6) Lakshya in Lakshya
The best kind of workout scenes, for me, are the ones that are inspirational without making you feel like shit. (Like the Tiger Shroff ones that make you look down at the tyres of stomach layering up, as he moonwalks on fire, carbs asunder.) The ones with accompanying music you can blare into your ears as you sweat into your treadmill. Lakshya’s title track is perfect. It is both transformational and inspirational. The song tells the story of a lost soul, played by Hrithik Roshan, who finally finds purpose in his life, through Javed Akhtar’s poetry strung to Shankar-Ehsan-Loy’s music. Get to the chorus, and I guarantee you’d want to increase the speed and incline on that treadmill, with a stoic Roshan’s image in army uniform.
7) Gym Sex in 4 More Shots Please
If health websites are to be trusted, on average, a 24 minute session of sex can burn as much as 100 calories for men, and 70 calories for women. I gather that the numbers would be switched around in this scene from Four More Shots Please, because Bani J who plays the gym trainer seems to be doing most of the heavy-lifting here while slamming her man against the locker room. The gym is perfect for sex, so the fantasy goes, and like the show itself, the scene takes us into that fantasy, as the CCTV video voyeuristically captures the carbs burnt in the locker room. It’s also why you don’t get a corresponding GIF for this workout.
8) The Mating Dance In Jodha Akbar
What starts of Jodhabai’s (Aishwarya Rai Bachchan) sword-practice in the courtyard turns into a peacock mating dance when Akbar (Hrithik Roshan) takes over as her opponent, the talwar as their treadmill. This is helped by Ashutosh Gowarikar’s geometric articulation of space, and wind as a wing-man, blowing hair away, fabrics fluttering till, like a blessing, it falls on the two of them. The sexual tension in this scene, where the desire to showcase physical prowess, and desecrate the opponent who also happens to be the lover, is palpably erotic even as all clothes stay on, sweat stained.

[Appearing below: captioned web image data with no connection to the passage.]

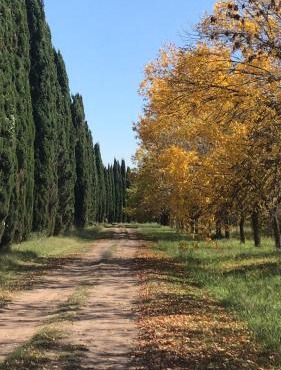 Capilla-Casa de campo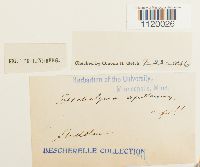 Dichelyma capillaceum image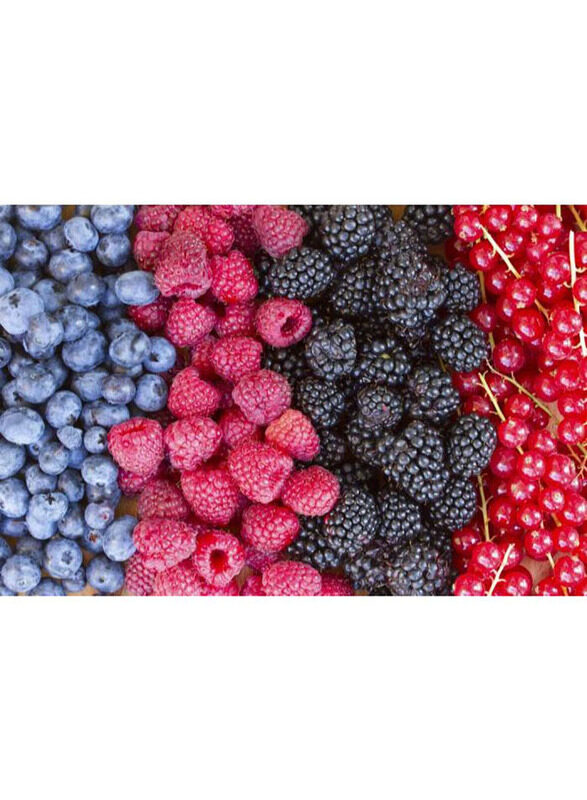 

Il Nutrimento Organic Frozen Mix Forest Berries, 2.5 Kg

9) Swimming In Dil Dhadakne Do
It’s entirely silent, when they first meet, except for the dog’s voiceover. Ranveer Singh and Anushka Sharma swim laps back and forth, towards and then away from each other in the chlorinated turquoise pool of the luxury ship. No goggles, no rubber caps (the other rubber caps will come in handy as the film progresses), abs and eyeliner intact, shot with such perfection that the water drops that hang on to Sharma’s ears look like earrings. My rubber floaters never did the trick with my cute neighbour in the past, I should try the Singh’s abs next time. It seems to charmed her pants off. His were quite low anyways, always on the precipice of nudity.

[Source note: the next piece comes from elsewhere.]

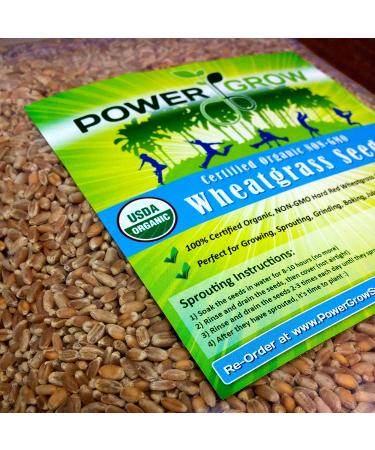 Certified USA Hard Red Wheatgrass Seeds by PowerGrow - 5 Pounds - Buy Online on SooperMarket.com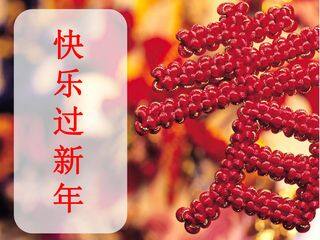 快乐过新年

10) Forehead Kisses And Yoga-Stretch Hisses in OK Kanmani
When the 1 minute teaser for ‘Aye Sinamika’ dropped, I was struck, playing it on loop like the rat pulling the reward-seeking lever again-and-again. Yoga is lovely, love is lovelier. And the two, strung to Rahman’s music at its liminal best, showing a regular, modern Mumbai live-in couple, living life, just felt like a cool summer breeze. Adi’s antics as Tara stretches (Dulquer Salmaan and Nithya Menen), being lathered with forehead kisses and providing distractions, is just too beautiful. Sign me up for some Yoga!